- Opening Delimiter -

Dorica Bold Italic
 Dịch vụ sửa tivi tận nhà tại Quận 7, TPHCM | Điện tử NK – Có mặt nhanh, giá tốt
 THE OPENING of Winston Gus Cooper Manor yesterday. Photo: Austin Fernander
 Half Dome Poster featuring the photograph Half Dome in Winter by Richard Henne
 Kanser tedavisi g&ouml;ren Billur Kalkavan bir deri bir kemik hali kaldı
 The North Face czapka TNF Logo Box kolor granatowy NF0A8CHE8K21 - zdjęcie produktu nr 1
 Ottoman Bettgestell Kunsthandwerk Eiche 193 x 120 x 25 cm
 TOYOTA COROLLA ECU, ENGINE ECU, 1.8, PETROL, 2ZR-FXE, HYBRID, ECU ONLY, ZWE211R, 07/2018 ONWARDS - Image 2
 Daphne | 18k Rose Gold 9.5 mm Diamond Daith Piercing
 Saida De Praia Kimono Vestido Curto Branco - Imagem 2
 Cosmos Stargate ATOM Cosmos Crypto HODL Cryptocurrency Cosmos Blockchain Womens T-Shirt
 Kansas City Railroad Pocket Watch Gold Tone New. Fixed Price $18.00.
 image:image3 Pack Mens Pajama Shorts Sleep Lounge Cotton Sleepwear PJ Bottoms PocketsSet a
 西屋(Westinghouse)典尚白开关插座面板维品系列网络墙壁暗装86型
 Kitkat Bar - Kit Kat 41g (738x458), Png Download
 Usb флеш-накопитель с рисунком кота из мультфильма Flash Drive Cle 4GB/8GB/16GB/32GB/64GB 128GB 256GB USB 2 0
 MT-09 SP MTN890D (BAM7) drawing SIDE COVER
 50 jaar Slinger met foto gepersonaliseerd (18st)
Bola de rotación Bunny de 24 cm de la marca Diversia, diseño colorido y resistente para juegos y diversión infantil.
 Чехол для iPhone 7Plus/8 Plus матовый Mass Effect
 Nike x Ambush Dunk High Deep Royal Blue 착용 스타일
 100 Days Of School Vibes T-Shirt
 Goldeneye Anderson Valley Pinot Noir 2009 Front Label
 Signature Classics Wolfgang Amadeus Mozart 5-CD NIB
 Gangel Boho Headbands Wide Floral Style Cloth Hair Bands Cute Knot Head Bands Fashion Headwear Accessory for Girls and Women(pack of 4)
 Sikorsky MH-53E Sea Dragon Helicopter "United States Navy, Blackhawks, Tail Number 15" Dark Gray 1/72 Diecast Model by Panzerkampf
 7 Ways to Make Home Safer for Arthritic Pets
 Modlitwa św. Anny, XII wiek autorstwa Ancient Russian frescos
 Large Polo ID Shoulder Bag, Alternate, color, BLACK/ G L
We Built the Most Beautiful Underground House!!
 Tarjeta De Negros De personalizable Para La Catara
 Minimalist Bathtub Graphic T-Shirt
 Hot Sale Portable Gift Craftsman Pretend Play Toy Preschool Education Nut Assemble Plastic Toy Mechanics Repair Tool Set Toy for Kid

- Closing Delimiter -

## Your task
What you give back should be only the lines of the records above, starting at the line with "Dịch vụ sửa" and ending at the line with "The North Face", restated word for word.

## Reply to the exercise
 Dịch vụ sửa tivi tận nhà tại Quận 7, TPHCM | Điện tử NK – Có mặt nhanh, giá tốt
 THE OPENING of Winston Gus Cooper Manor yesterday. Photo: Austin Fernander
 Half Dome Poster featuring the photograph Half Dome in Winter by Richard Henne
 Kanser tedavisi g&ouml;ren Billur Kalkavan bir deri bir kemik hali kaldı
 The North Face czapka TNF Logo Box kolor granatowy NF0A8CHE8K21 - zdjęcie produktu nr 1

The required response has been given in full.